When Babe and Sue got married, the large Hawaiian community in the San Francisco Bay Area turned out for the event at their parents' home in Daly City.

They tore down back fences between their houses to connect four backyards. Half of the space was tented with plastic tarps tied to the houses.

At four in the morning, they started a large bonfire and heated a pile of lava rocks.

When the rocks were hot enough, they wrapped a 200-pound pig in banana leaves and put it into a large pit called the "imu."

All the Hawaiian aunties and uncles had flowers in their hair and leis. There was also a good contingent of haole (Caucasian) surfers in our best dress aloha shirts.

There was a true Hawaiian fun-loving spirit. This "spirit" was also enhanced by the large quantities of a sinister Hawaiian drink called "swipe."
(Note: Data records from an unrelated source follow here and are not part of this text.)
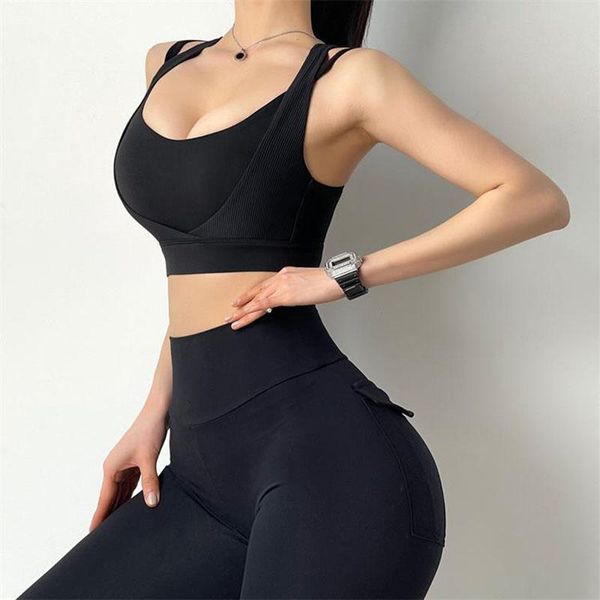 

yoga outfit women sports bra push up fitness athletic gym active wear padded running underwear crop sportswear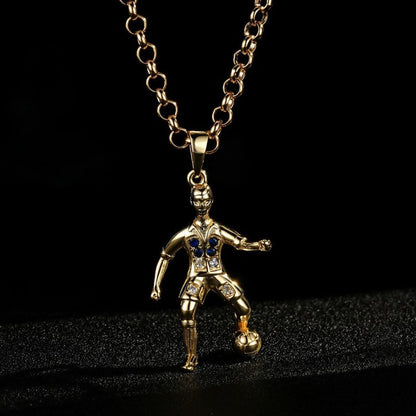 Premium Gold Footballer Pendant with Stones and Chain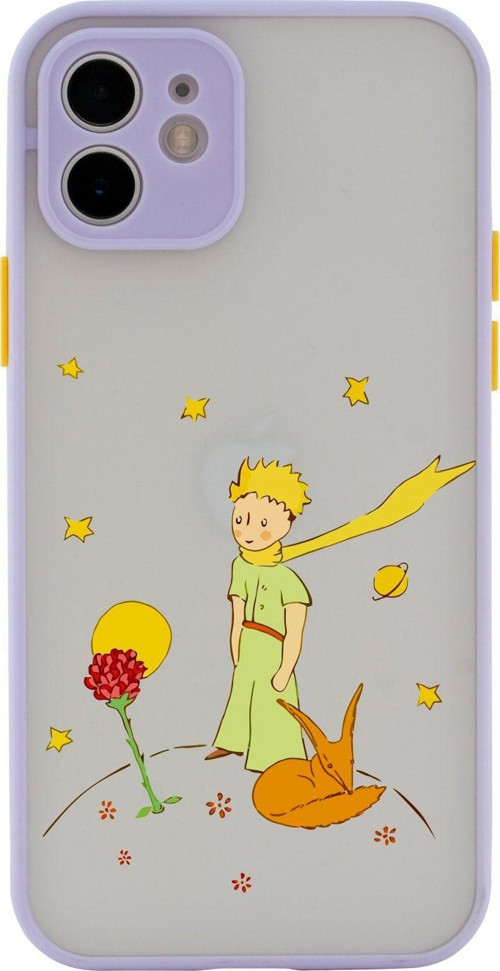 Iphone 11 Lüx Kamera Lens Korumalı Le Petit Prince Desenli Lila Telefon Kılıfı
Swipe is made from fermented pineapples, raisins, and sugar. The sinister part was the delicious fruit punch taste with the 90-proof punch.
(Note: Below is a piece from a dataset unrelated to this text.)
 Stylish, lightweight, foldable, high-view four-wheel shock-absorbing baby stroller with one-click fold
A couple of Sue's friends from the secretarial school attended wearing high heels. One of them was quoted as saying how much they were enjoying the fruit punch.

They both actually passed out on the floor before the entertainment started.
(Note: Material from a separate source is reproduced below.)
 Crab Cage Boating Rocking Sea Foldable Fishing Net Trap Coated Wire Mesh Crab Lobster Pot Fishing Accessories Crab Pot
There were ukuleles, guitars, drums, and about a hundred Hawaiians of all sizes and ages.

Frankie Freitas: getting barreled circa 1968 | Photo: Western Neighborhoods Project

The Fire Knife Dance

As at all Hawaiian parties, there was lots of dancing and loud laughter. Frankly, I don't remember much else.

It doubtlessly had to do with the swipe-induced stupor. But one memory shines through. It was the climactic highlight of the entertainment under the tent that night.

Frankie Freitas, aka "Chief Tapu," took the stage.

Frankie, a Pedro Point surfer, earned extra money doing the Tahitian fire knife dance in nightclubs.

He came on stage wearing a lei (Haku), a loincloth (malo), a headband, and flowered anklets. He lit the torches.

The Tahitian war chant music started throbbing from the sound system. Drummers kept the beat.

Chief Tapu's torches blurred with whirling flame and smoke as he swung them around to the music.

Without missing a beat, he put the torches in a bucket and grabbed the "Siva Afi," the fire knives.

The large knives glinted in the smoky light as Frankie sliced the air around his body and under his legs.

Something's Wrong

Just as the music reached the crescendo, thwack went the machete.

A big chunk of Frankie's heel went somersaulting through the air over the open-mouthed spectators.


It landed right in the middle of a big bowl of poi. Frankie fell to the floor, screaming and holding what was left of his foot.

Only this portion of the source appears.